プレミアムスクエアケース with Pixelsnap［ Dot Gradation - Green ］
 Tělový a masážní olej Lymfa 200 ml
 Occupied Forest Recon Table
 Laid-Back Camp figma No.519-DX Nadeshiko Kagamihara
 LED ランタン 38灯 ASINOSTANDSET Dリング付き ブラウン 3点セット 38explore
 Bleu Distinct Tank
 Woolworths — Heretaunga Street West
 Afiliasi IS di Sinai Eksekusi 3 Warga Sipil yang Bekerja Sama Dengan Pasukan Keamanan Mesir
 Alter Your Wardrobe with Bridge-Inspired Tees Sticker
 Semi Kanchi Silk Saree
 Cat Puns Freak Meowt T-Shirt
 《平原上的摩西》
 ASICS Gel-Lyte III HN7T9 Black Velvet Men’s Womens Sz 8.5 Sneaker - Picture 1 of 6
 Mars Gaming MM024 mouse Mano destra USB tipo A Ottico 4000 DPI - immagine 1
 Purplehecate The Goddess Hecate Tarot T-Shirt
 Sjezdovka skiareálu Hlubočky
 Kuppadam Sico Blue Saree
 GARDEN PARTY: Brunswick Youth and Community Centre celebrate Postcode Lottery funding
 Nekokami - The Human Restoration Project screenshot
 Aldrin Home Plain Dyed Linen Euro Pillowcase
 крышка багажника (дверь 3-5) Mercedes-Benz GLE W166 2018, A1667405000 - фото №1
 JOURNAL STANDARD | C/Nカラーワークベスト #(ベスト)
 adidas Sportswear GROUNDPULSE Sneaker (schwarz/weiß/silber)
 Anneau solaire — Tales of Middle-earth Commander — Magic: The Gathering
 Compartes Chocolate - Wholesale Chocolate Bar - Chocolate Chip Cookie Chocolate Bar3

□ □ □ □ □

*Work to be completed:* Using the records above, filter out every line that lacks the string "Sneaker" and copy the rest.

*Completed task:*
 ASICS Gel-Lyte III HN7T9 Black Velvet Men’s Womens Sz 8.5 Sneaker - Picture 1 of 6
 adidas Sportswear GROUNDPULSE Sneaker (schwarz/weiß/silber)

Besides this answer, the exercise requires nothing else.